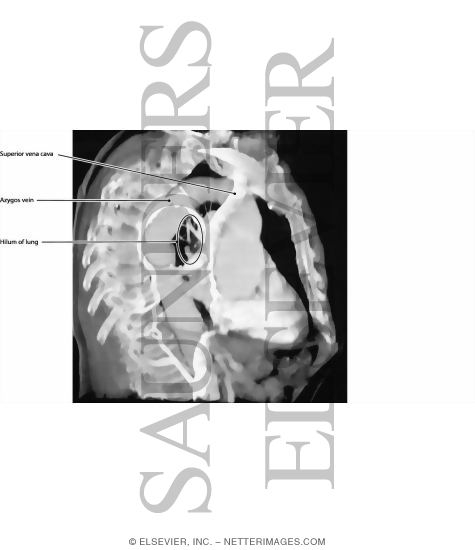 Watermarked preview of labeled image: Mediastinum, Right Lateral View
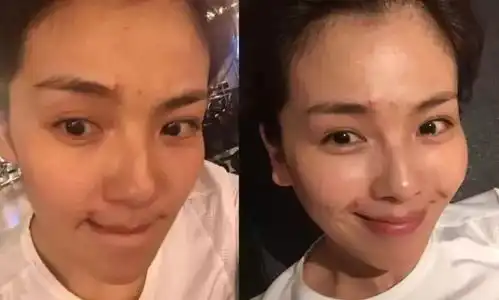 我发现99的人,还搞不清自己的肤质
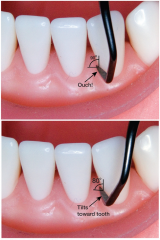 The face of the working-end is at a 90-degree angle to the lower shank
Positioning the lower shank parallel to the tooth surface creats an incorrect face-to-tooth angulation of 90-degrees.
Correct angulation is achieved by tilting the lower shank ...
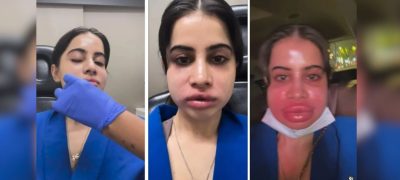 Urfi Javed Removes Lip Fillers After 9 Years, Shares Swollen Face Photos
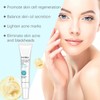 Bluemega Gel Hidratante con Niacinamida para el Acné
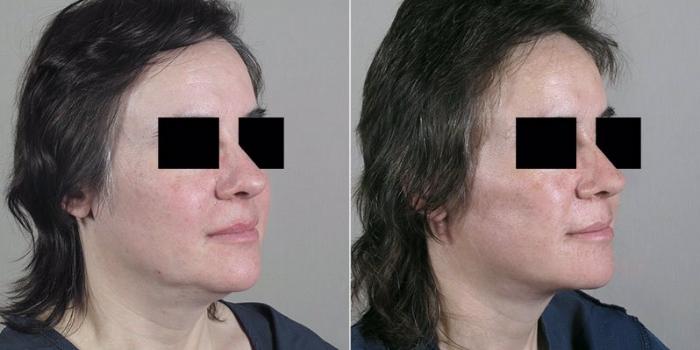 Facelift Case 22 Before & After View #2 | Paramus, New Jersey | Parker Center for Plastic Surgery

## The task
All of the data above must be printed exactly, minus its pictures.

## Response to this exercise
 Watermarked preview of labeled image: Mediastinum, Right Lateral View
 我发现99的人,还搞不清自己的肤质
 The face of the working-end is at a 90-degree angle to the lower shank
Positioning the lower shank parallel to the tooth surface creats an incorrect face-to-tooth angulation of 90-degrees.
Correct angulation is achieved by tilting the lower shank ...
 Urfi Javed Removes Lip Fillers After 9 Years, Shares Swollen Face Photos
 Bluemega Gel Hidratante con Niacinamida para el Acné
 Facelift Case 22 Before & After View #2 | Paramus, New Jersey | Parker Center for Plastic Surgery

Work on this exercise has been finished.